Lorsque Yovanni a franchi la ligne d'arrivée, c'est toute l'île Maurice et les médias qui ont exulté devant leurs écrans,inondant les réseaux sociaux de messages de félicitations et de remerciements pour avoir fait honneur au quadricolore mauricien.
« C'est plus qu'une médaille, » partage Hewlett Nelson, les larmes aux yeux. « C'est la preuve que nos jeunes peuvent atteindre les sommets mondiaux », estime celle qui a milité pendant plus de trois décennies pour que le handisport se développe et obtienne la reconnaissance qui lui est due. Jean Marie Bhugeerathee, qui a suivi ses traces, n’a pas les mots pour exprimer qu’il a ressenti lorsqu’il a vu Yovanni franchir la ligne d’arrivée : « Je n’ai pas de mots, je n’ai pas de mots pour exprimer ce que je ressens. Je dois attendre demain pour comprendre et imaginer ce qui nous arrive, sachant que nous avons d’autres athlètes aussi talentueux qui sont toujours en compétition ».
Cette médaille de bronze place en effet Yovanni au panthéon des plus grands sportifs mauriciens, aux côtés de Bruno Julie, l'unique médaillé olympique du pays. Elle rappelle aussi les exploits de Stéphan Buckland et Eric Milazar, qui avaient fait vibrer la nation mauricienne à travers leurs exploits sur les pistes d'athlétisme lors des mondiaux et des Jeux olympiques.
Savourer
l'instant présent
Alors que la cérémonie de remise des médailles s'achève, Yovanni Philippe se retrouve nez-à-nez avec nous dans les couloirs souterrains du stade de Francese. Le jeune athlète contemple sa médaille de bronze, la fait tourner entre ses doigts avec un mélange d'incrédulité et de fierté. L’accolade est automatique. Et il lâche : « mo mari fier mo finn réussi fer li ! ». Comme s'il avait besoin de se le confirmer. Dans ce moment de calme sous les regards des officiels de la compétitions, Yovanni, avec l’humour qui est le sien, ajoute « mo l'heure pou kozer-la... », sans réellement prendre la mesure de l'exploit qu'il venait d'accomplir, mais plus pour exprimer la fierté qu’il ressent au plus profond de son âme.

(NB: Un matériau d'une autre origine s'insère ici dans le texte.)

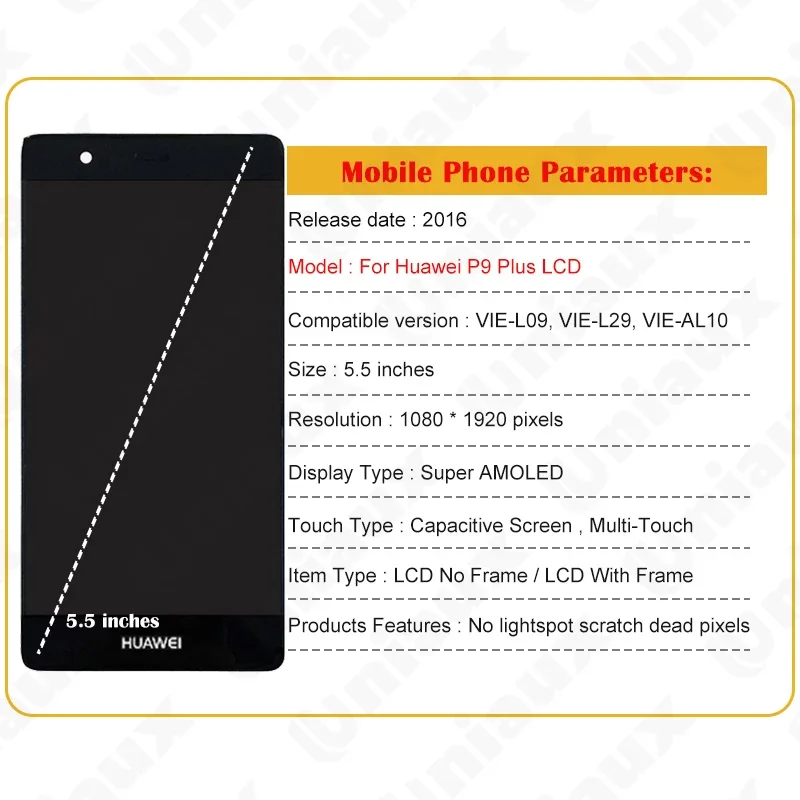 5.5 "display original para huawei p9 plus display lcd digitador assembléia da tela de toque com quadro p9 plus substituição do painel da tela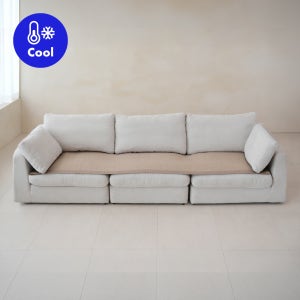 [라익디스] 시어서커 소파패드 브라운 냉감 미끄럼방지 2인/3인/4인/돌소파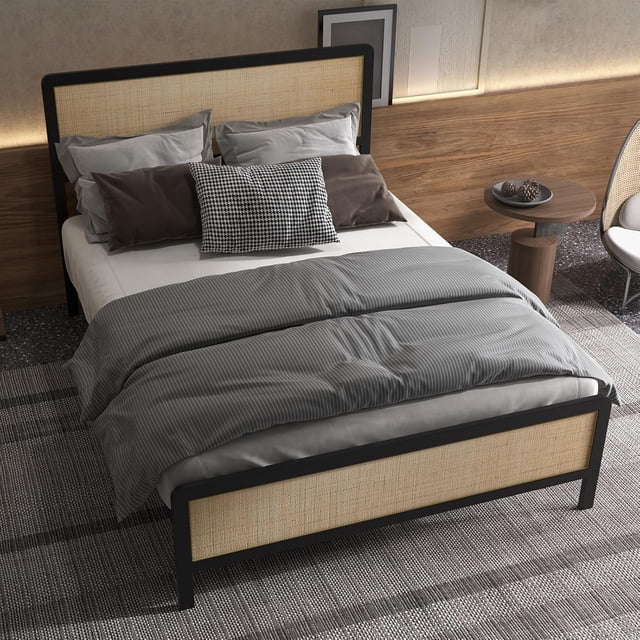 Eastvita Bed Frame with Natural Rattan Headboard/Footboard/Metal Platform Frame with Underbed Storage/No Box Spring Needed/Strong Wood Slat Support/Rattan Wood Accent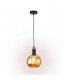 Auralis Dome Pendant Ceiling Light Black Gold Amber Glass Shade 1x E27-3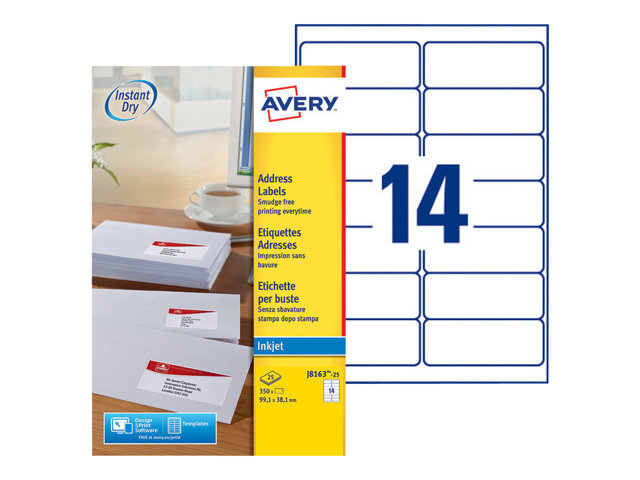 J8163-25 - Avery - Address Labels - 350 Label(s) - 99.1 X 38.1 Mm ...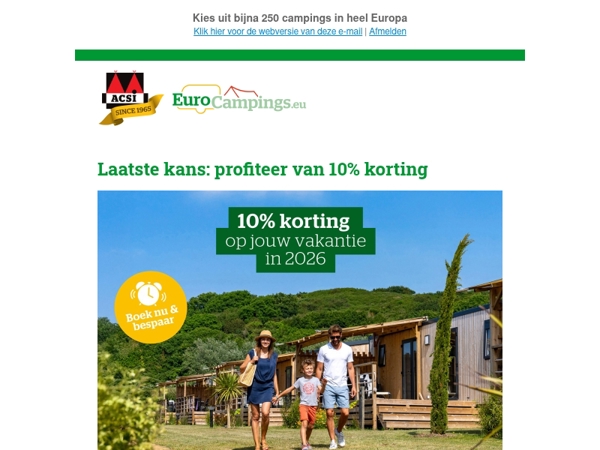 Nog maar één week 10% vroegboekkorting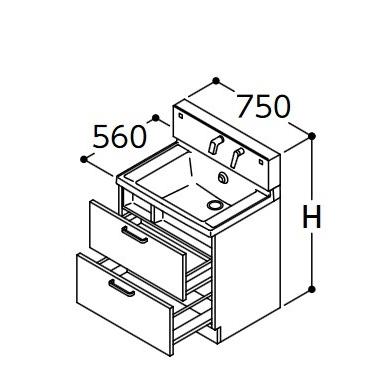 TOTO 洗面化粧台  サクア 2段引き出しタイプ 間口750 洗面ボウル高さ800 [♪■]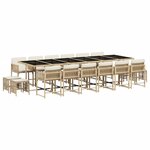 vidaXL Ensemble à manger de jardin et coussins 17 Pièces beige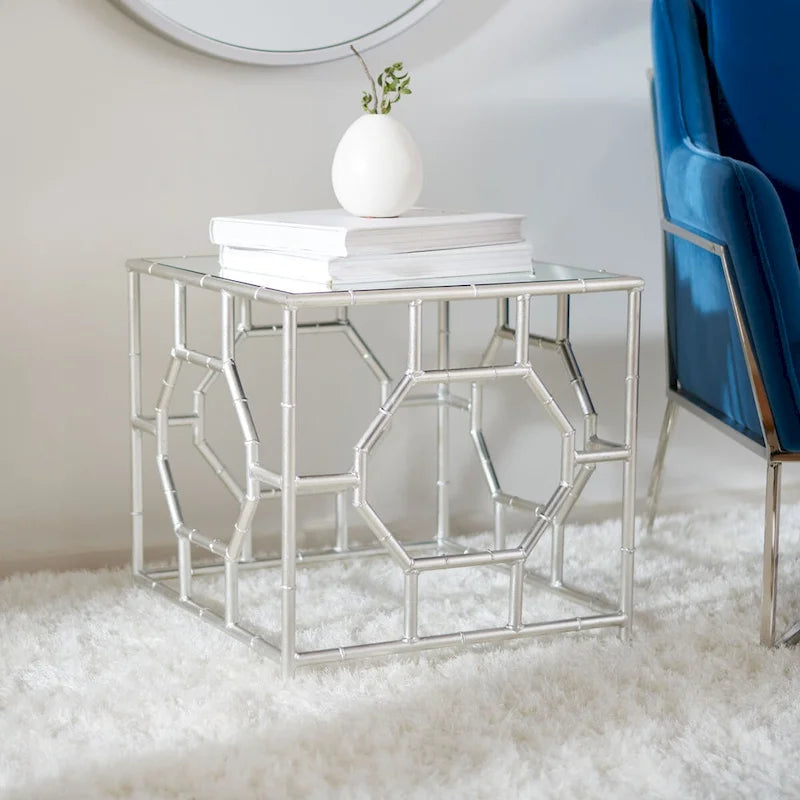 Table d'appoint miroir argenté avec plateau - Usage unique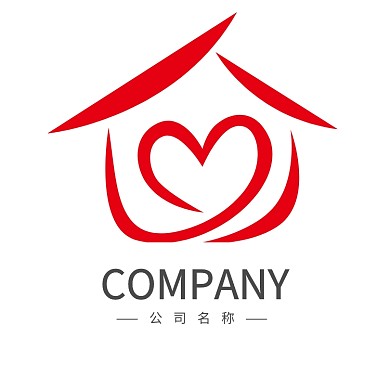 红色爱心温暖房子logo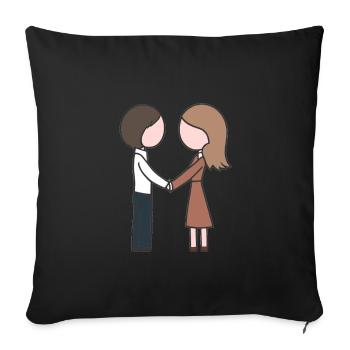 Amour Couple Symbole Couple Amour - Housse de coussin décorative 45 x 45 cm - noir - Devant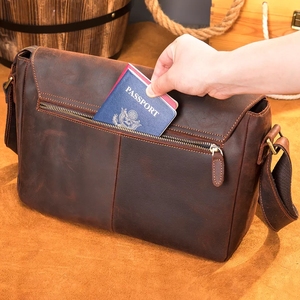 Personnalisé Vintage Crazy Horse en cuir véritable porte-documents hommes élégant collège bureau affaires épaule bandoulière ordinateur portable <span class=keywords><strong>Messenger</strong></span> - Product Image 6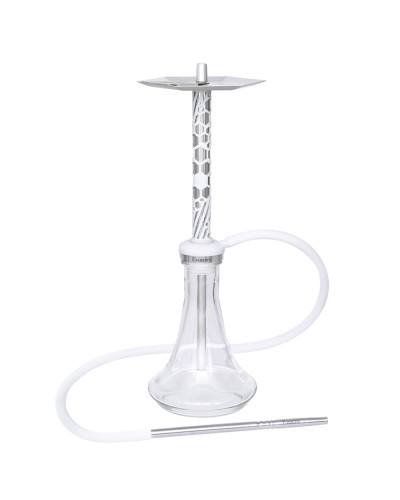 Кальян Embery MONO-H 4.0 Silver-Snow з колбою Embery Clear 63 см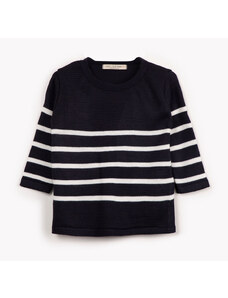C&A suéter de tricot infantil listra manga longa azul marinho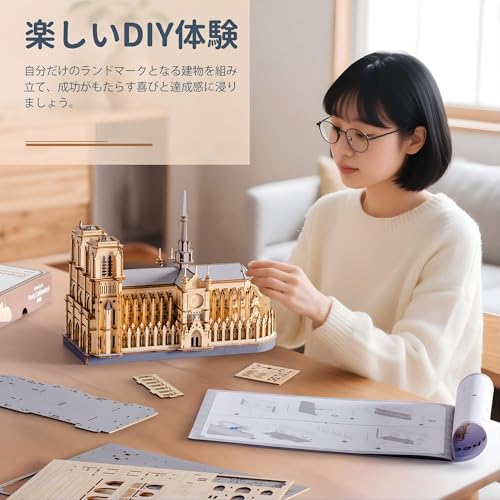Rolife 3D Holzpuzzle, Modell der Kathedrale Notre-Dame, Bemalbares Architekturmodell, Innendekoration, Atmosphäre, Eingangsbereich, Bastelset, DIY-Montage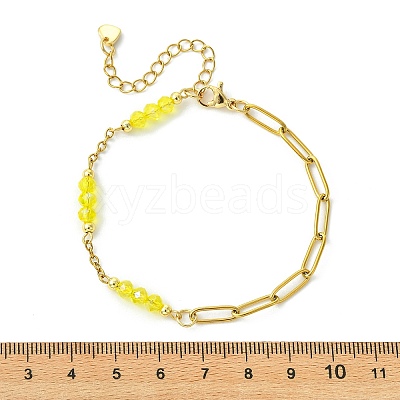 Electroplated Glass Rondelle Beads Link Bracelets BJEW-JB13677-1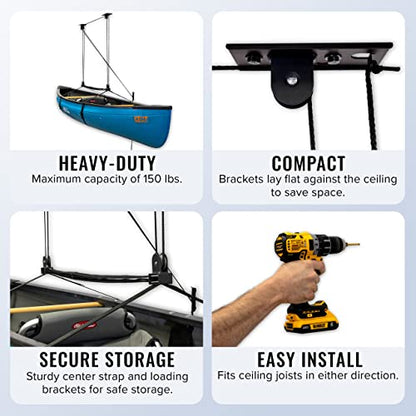 StoreYourBoard Ladder Storage Ceiling Pulley System, Garage Mount Hoist, Heavy Duty Hanging Organizer Holds 150 lbs - size: 10 ft - 14 ft Ceiling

Pour lui, cette médaille est avant tout l'aboutissement de ses efforts personnels, d’enchaînement des heures d'entraînementet des sacrifices consentis depuis qu’il a rejoint la #paeateammoris. Il pense à sa famille, à ses entraîneurs, à tous ceux qui ont cru en lui. Mais l'ampleur de son impact sur toute une nation lui échappe encore. Il ignore – peut-être - que, pendant qu'il récupère de ses efforts, son exploit fait déjà le tour de l'île Maurice et enflamme les réseaux sociaux comme on n’en a jamais vu dans l’histoire du sport mauricien.
« Yo la fusée » est ce qui lui sied le mieux désormais.